## Problem details
Would you repeat each line below exactly, without the pictures?

## Recorded information
○ ○ ○ ○

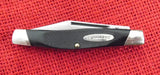 Buck 0303 303 Cadet Pocket Knife Hubbard Shield Camillus Made 1974-1985 Pre Date Code USA Long Nail Pull Lot#303-56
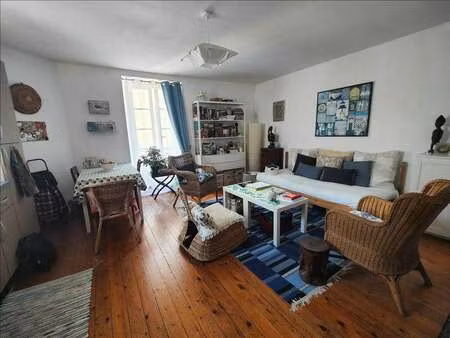 vente appartement 2 pièces à douarnenez (29100) : à vendre 2 pièces / 47m² douarnenez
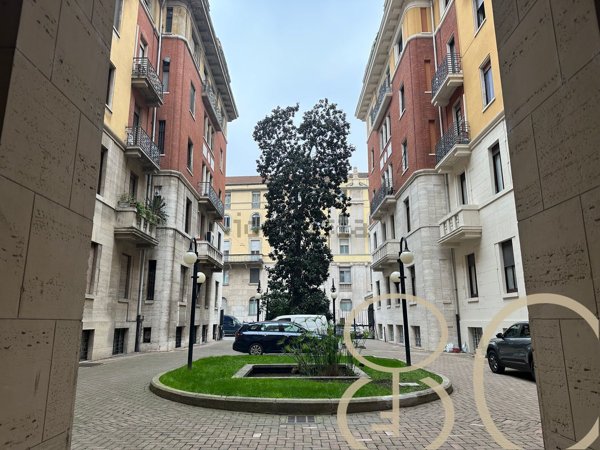 appartamento in affitto a Milano in zona Guastalla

○ ○ ○ ○

## Expected output
 Buck 0303 303 Cadet Pocket Knife Hubbard Shield Camillus Made 1974-1985 Pre Date Code USA Long Nail Pull Lot#303-56
 vente appartement 2 pièces à douarnenez (29100) : à vendre 2 pièces / 47m² douarnenez
 appartamento in affitto a Milano in zona Guastalla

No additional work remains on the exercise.